There’s also the adorably spooky process of picking up important objects. Fatal Frame is all about goofy jump scares and pulling you into a false sense of security, so instead of popping key items into your inventory like a normal vulnerable Japanese teenage girl, you reach down and hold a button as your hand slowly reaches under a bed/wardrobe/dead body in the hopes that a ghost doesn’t appear out of nowhere to shit you up. It happens less often than you might think, but the mere possibility that a jump scare awaits was enough to make each new interaction a thrill. It grows old eventually though, and at times I wish there was a way to turn this off and soak in the atmosphere instead of fearing constant spiritual interruptions.
Back in 1970, five girls were kidnapped and held hostage in a cavern beneath the sanatorium, wiping their memories and stealing away their faces.

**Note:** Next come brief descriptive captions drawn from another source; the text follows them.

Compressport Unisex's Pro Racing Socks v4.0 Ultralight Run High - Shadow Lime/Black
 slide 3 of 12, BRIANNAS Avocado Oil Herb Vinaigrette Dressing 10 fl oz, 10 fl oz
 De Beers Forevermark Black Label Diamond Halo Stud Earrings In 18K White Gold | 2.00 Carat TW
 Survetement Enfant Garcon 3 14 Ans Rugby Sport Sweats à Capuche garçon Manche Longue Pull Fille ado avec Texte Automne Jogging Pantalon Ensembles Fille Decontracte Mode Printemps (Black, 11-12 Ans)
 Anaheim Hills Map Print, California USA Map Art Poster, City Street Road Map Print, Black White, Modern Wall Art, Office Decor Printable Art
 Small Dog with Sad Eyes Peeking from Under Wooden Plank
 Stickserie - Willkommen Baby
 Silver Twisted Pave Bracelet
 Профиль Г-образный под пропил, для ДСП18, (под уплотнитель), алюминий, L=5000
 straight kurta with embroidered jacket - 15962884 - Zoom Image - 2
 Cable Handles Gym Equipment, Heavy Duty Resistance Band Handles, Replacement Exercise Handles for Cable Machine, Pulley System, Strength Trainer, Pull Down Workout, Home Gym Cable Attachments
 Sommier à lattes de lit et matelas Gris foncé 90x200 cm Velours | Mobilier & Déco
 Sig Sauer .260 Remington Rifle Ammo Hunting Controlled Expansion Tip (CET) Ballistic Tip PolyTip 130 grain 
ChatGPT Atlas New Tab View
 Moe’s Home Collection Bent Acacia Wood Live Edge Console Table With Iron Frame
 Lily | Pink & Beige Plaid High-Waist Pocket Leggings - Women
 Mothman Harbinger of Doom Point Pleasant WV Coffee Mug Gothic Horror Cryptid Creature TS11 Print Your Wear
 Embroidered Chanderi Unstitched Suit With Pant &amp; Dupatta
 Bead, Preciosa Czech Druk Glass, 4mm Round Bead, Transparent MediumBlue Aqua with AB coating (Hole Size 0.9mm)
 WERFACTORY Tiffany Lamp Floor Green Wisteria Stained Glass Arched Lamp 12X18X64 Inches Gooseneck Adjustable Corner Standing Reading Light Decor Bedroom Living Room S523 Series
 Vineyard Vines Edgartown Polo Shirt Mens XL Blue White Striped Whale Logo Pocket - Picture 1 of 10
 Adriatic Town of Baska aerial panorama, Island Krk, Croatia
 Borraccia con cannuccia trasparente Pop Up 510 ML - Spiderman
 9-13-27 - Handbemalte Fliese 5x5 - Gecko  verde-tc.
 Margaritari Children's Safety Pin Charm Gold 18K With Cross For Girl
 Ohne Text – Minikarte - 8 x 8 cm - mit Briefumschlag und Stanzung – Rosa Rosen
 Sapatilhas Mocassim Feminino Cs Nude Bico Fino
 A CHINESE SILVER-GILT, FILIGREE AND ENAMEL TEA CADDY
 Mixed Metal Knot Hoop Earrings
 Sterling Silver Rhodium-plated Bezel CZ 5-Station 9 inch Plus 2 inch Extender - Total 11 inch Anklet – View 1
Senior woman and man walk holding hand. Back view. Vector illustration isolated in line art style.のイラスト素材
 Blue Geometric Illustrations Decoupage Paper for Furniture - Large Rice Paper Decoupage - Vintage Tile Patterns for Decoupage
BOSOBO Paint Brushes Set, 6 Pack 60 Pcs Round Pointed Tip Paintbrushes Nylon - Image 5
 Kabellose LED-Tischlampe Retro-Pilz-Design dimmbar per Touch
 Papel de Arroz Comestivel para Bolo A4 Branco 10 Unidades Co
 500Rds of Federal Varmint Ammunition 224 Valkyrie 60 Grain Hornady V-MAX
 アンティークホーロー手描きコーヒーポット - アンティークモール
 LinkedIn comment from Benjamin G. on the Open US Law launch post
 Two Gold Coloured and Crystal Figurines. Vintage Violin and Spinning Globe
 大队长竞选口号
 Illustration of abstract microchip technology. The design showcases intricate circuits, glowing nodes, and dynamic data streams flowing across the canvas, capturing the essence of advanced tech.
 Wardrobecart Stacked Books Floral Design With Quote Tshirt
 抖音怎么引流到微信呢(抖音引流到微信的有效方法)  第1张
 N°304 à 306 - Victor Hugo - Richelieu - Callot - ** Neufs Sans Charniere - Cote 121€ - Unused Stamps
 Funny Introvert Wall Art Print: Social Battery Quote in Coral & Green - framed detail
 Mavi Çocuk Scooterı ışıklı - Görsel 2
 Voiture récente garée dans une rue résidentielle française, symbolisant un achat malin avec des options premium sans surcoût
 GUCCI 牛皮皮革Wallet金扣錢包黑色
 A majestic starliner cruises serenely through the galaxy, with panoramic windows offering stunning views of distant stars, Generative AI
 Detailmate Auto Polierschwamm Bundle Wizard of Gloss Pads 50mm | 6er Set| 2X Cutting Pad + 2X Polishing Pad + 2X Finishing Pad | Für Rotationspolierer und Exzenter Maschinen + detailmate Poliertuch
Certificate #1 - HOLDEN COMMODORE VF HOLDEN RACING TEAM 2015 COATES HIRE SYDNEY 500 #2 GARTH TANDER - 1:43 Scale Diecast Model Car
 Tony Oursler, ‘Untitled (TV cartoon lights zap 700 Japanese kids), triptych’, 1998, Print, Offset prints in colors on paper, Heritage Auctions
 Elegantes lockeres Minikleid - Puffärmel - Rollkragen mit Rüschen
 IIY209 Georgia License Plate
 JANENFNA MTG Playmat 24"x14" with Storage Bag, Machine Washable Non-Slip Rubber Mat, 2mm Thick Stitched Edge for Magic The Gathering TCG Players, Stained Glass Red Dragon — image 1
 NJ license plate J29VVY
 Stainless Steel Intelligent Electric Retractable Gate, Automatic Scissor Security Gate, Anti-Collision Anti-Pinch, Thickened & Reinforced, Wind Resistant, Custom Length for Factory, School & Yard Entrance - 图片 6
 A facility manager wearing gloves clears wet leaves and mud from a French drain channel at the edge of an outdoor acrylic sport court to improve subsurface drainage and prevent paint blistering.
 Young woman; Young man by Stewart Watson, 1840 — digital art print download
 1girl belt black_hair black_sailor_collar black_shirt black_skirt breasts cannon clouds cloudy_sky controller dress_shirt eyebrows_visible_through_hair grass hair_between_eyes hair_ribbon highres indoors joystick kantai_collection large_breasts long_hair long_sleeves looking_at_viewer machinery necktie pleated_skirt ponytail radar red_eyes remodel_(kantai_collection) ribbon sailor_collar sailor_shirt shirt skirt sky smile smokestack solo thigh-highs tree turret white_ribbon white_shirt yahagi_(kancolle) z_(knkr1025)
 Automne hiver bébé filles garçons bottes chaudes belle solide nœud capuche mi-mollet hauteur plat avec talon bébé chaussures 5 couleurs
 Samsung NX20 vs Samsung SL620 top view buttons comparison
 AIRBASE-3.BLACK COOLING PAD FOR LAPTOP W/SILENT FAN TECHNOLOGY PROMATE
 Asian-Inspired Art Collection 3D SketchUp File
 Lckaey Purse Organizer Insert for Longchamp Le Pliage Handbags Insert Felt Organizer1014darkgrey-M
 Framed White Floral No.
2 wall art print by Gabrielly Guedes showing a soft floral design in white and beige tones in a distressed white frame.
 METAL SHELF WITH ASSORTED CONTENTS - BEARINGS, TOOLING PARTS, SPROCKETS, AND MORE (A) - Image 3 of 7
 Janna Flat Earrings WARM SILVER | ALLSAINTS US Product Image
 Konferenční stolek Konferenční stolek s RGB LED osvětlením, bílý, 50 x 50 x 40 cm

Ten years later, two of the girls die under mysterious circumstances, leading two of the survivors – Misaki Asō and Madoka Tsukimori, who we play as – to confront their past and discover what really went down all those years ago. I bet the fifth girl is behind all of it. Calling it now.
The story is a classic horror setup, layered with just enough intrigue to keep me invested during the three chapters I played. If this were me though, I would have brought a few friends with me and perhaps worn a coat before venturing to a rain-drenched island in the middle of the night whose entire population were killed in an unknown incident eight years ago, but what do I know? Misaki is a grown woman with a wise head on her shoulders, even if she didn’t think to bring a torch. Fortunately, a strange object known as the ‘Camera Obscura’ is all she needs to defend herself and get to the bottom of everything.
Fatal Frame, as the name suggests, largely revolves around using this hulking gadget to take pictures of ghosts and banish them back to the afterlife. It’s basically a gun, albeit one that uses film for ammo and requires a keen artistic flair to operate instead of accuracy. You must switch to a first-person perspective, centre an enemy within the viewfinder, and snap away at just the right moment. Extra damage can be done by waiting for an on-screen metre to fill or taking pictures right as an enemy is about to lunge at you, offering a clear incentive to embrace fear and let ghosts get up close and personal.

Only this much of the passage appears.